Le secteur médical et sanitaire : hôpitaux, cliniques, laboratoires, cabinets de groupe, services de soins infirmiers à domicile (SSIAD), établissements d’HAD : présente des caractéristiques de mobilité qui le rendent particulièrement propice à une électrification de flotte réussie. Des véhicules qui font des tournées régulières sur un périmètre géographique défini, qui rentrent chaque soir à un dépôt ou à un site fixe, avec des kilométrages quotidiens mesurés : ce profil est exactement celui pour lequel les véhicules électriques actuels sont optimisés. Ce guide détaille les opportunités et les spécificités de l’électrification dans ce secteur.
Le profil de mobilité du secteur médical : idéal pour l’électrique
Les véhicules du secteur médical et sanitaire présentent plusieurs caractéristiques structurelles favorables à l’électrification :
- Tournées à périmètre géographique défini : les véhicules de SSIAD, HAD, infirmiers libéraux et visiteurs médicaux parcourent des itinéraires réguliers sur des bassins géographiques délimités. Les distances quotidiennes sont généralement inférieures à 150 km, ce qui correspond parfaitement à l’autonomie des véhicules électriques actuels.

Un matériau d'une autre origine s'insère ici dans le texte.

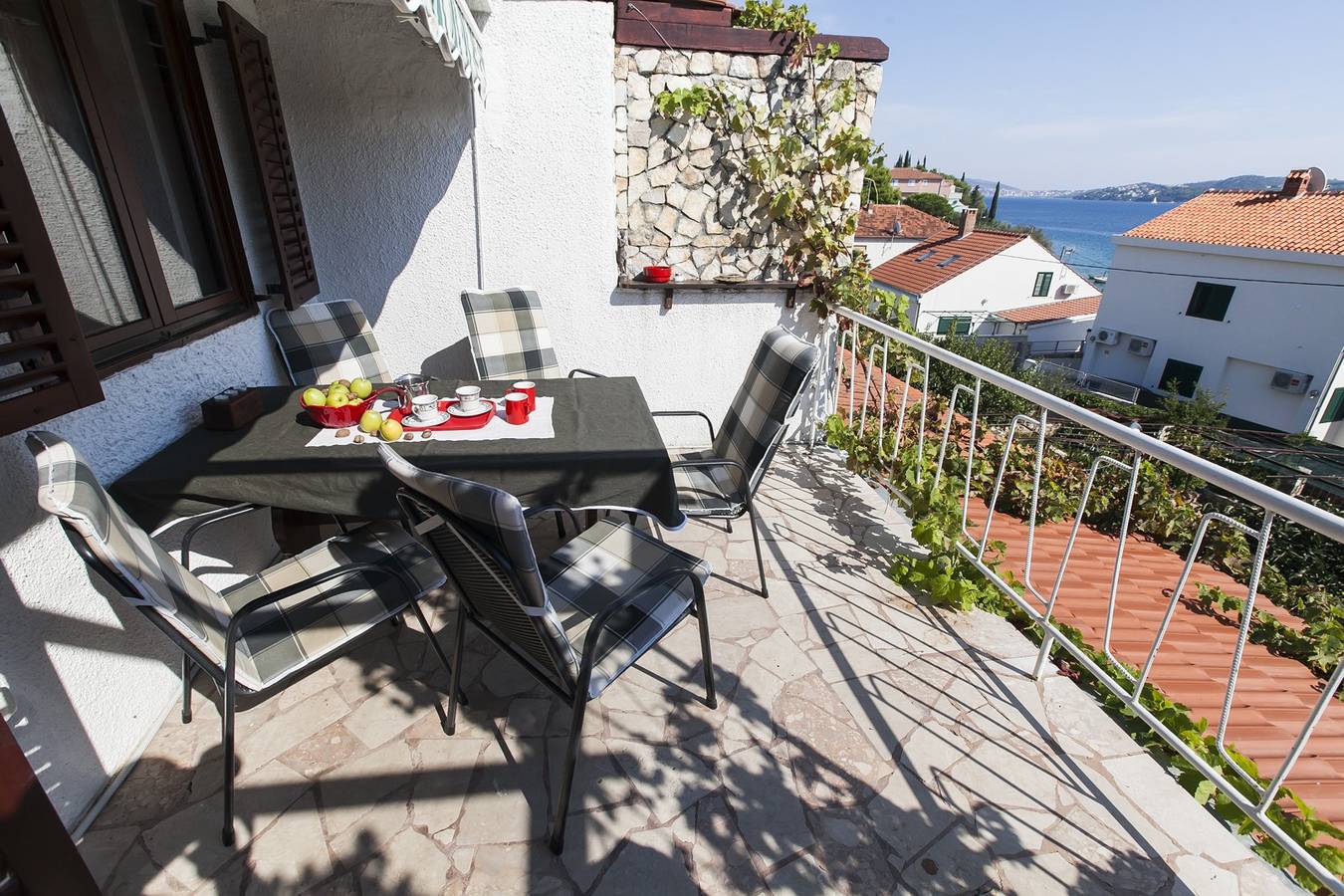 Cijeli apartman, Dvosobni apartman s terasom i pogledom na more Seget Vranjica, Trogir A-1037-a in Seget Vranjica, Splitsko-dalmatinska županija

- Retour au site chaque soir : contrairement à des commerciaux itinérants qui peuvent passer plusieurs nuits hors de leur base, les soignants et personnels médicaux rentrent généralement à leur point de départ en fin de journée. Cela permet une recharge nocturne complète sur site.
- Passages fréquents au site : même pour les soignants en tournée, les retours au cabinet ou à l’établissement plusieurs fois par jour (récupération de matériel, repas, fin de poste) créent des opportunités de recharge intermédiaire.
- Sensibilité à l’image RSE : le secteur médical et sanitaire est fortement exposé aux enjeux de responsabilité sociétale. L’utilisation de véhicules électriques renvoie une image cohérente avec les valeurs de soin, de prévention et de respect de l’environnement qui sont au cœur de ces métiers.

Les cas d’usage spécifiques dans le secteur médical
Plusieurs types de structures médicales présentent des cas d’usage distincts qui méritent une analyse séparée :
- Hôpitaux et cliniques : les véhicules de service (navettes, véhicules de liaison entre sites, véhicules de direction) sont les premiers candidats. Les établissements disposent généralement d’un parc de stationnement avec alimentation électrique existante. La taille des parcs justifie souvent une infrastructure IRVE avec supervision et reporting.
- SSIAD et services de soins à domicile : les véhicules des aides-soignants en tournée sont des utilitaires légers (souvent des citadines ou des petits SUV). Le profil de distances courtes et le retour quotidien au site les rend idéaux pour l’électrique. Les finances serrées de ces structures les orientent vers les véhicules les moins chers à l’usage.
- Groupes de cabinets médicaux et maisons de santé : les voitures personnelles des praticiens constituent souvent la flotte de fait. L’installation de bornes sur le parking de la maison de santé est un service apprécié, finançable via des aides Advenir en accès semi-public.
- Laboratoires de biologie médicale : les coursiers et chauffeurs qui assurent les collectes et livraisons d’échantillons ont des tournées régulières avec des horaires stricts. Le véhicule électrique réduit le coût d’exploitation de ces tournées, mais impose de garantir une autonomie suffisante même les jours de forte activité.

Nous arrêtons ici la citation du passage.